For Lisa, feeling great is the biggest bonus of home HD. "You don't have the highs and lows you get with every other day treatment," she said. And, she finds the treatments themselves are gentler. "The blood flow rates are so low that I never get cramps during dialysis," she added. Lisa's blood pressure is normal for the first time in years, and her friends and coworkers have seen a difference in her skin and her hair. "There are so many medical benefits," Lisa reported.

Getting more HD also allows Lisa to eat and drink what she wants. "I've had to add phosphorus to my diet," she declared, "because I wasn't getting enough!"

Lisa especially likes the freedom she has to plan her own days. "I feel like I have my life back," she said. "I actually get to spend time at home or going out in the evenings.

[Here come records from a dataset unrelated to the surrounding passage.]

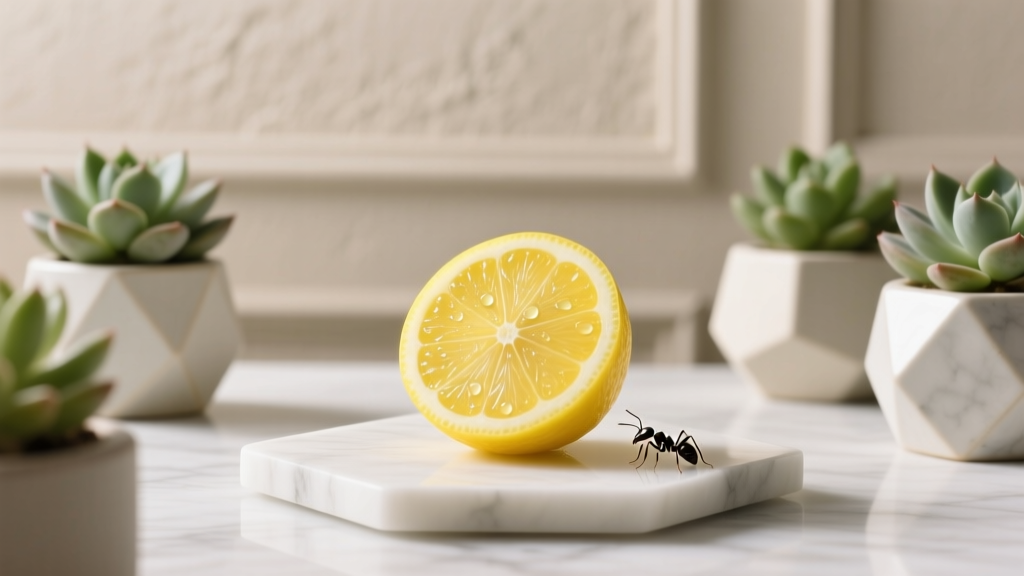 Does Lemon Keep Ants Away from Indoor Plants? The Truth About Citrus Remedies for Succulents — What Actually Works (and What Makes It Worse)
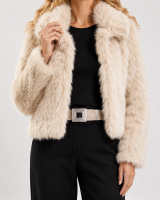 ONLY ONLMANNY FAUX FUR JACKET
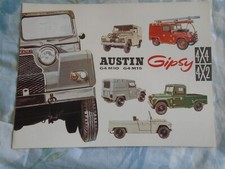 Austin gipsy 4x4 for sale  KINGS LANGLEY
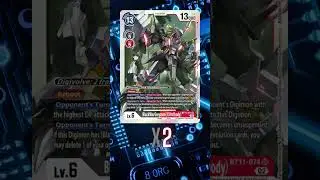 BUDGET DECKS IN 60 SECS BLACKWARGREYMON X BT12 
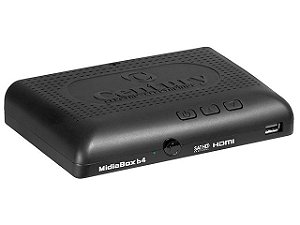 Receptor Digital MidiaBox B4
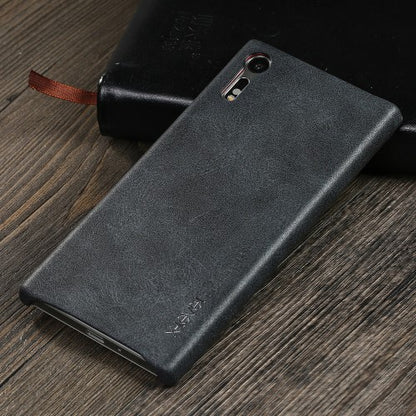 X-LEVEL Hard Case für Sony Xperia XZ XZs Vintage Skin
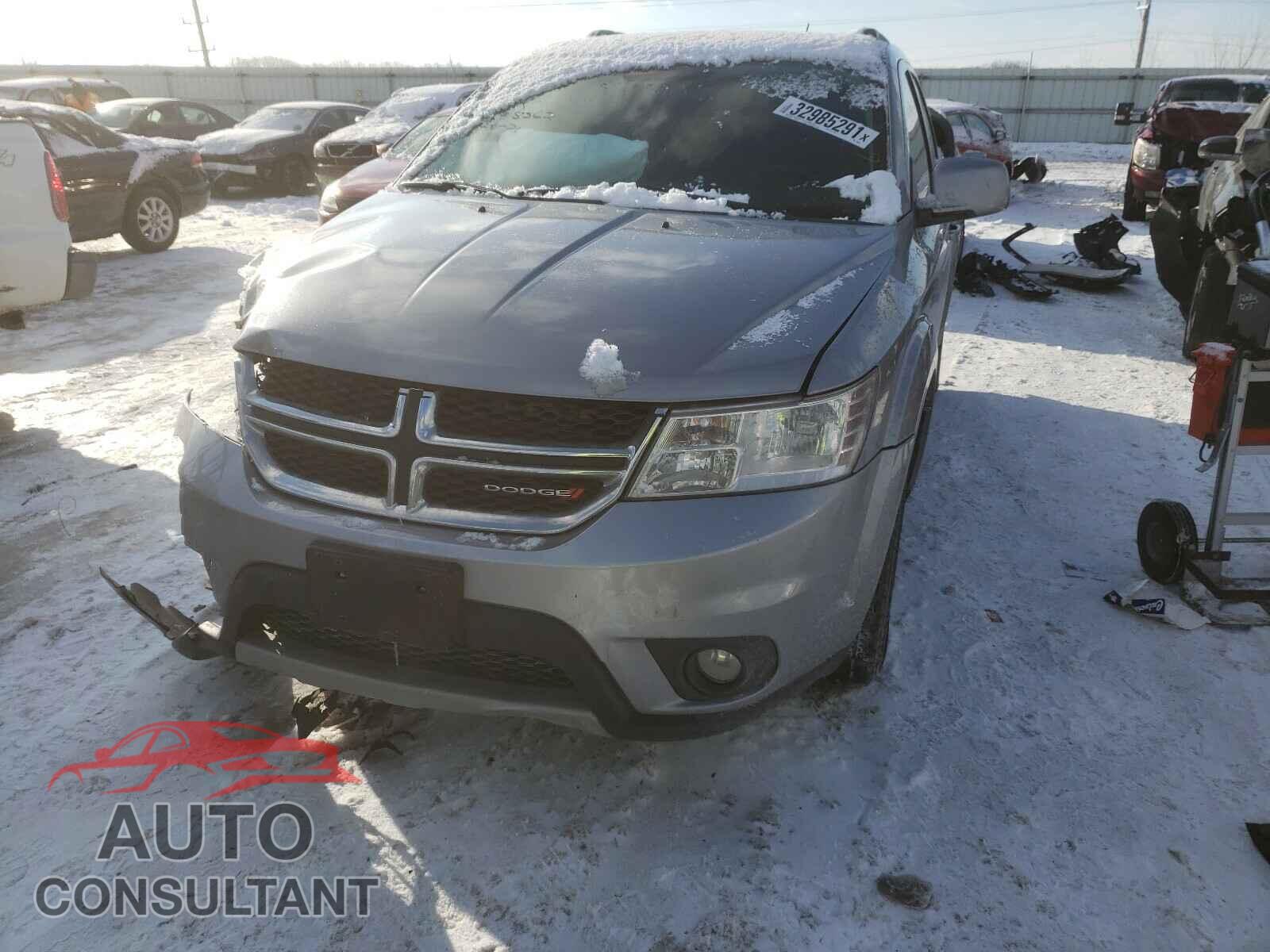 DODGE JOURNEY 2017 - 3C4PDCBG4HT518562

Before, I was always at work or the dialysis center. Now I can spend my evenings at home or out with friends." Lisa sets up her machine at around 10 pm, watches TV for a while, and then goes to bed. "My cat sits on the warm machine or snuggles with me when I sleep. She likes the hum of the machine."

Overcoming fears

Based on her own positive experience, Lisa encourages other dialysis patients to give nocturnal home dialysis a try. "Anyone can do it," she claimed. "They just need to get over the fear of the unknown."

When it comes to more specific fears, Lisa can rebut each one:

• Afraid of needling? Lisa admits that the first one or two tries were nerve-wracking. Now, she uses the Buttonhole technique and thinks, "it's a piece of cake." She uses a topical anesthetic if she needs to start a new Buttonhole.
• Worried about emergencies? "There's nothing you can't handle," claimed Lisa. "There is 24-hour technical support and nursing staff on call. The pump speed is low that a serious bleed is much less likely, and the training teaches you what to do."

Even people who live alone—like Lisa—can do home HD safely if they follow what they're taught and don't take shortcuts.

Lisa thinks the machine is easy to use and has no problems doing things for herself. But, she does admit that home HD is a big step for many patients. "Just remember, they won't send you home until you're ready," she advised. "Take that leap of faith and try it. The results are so worth it!"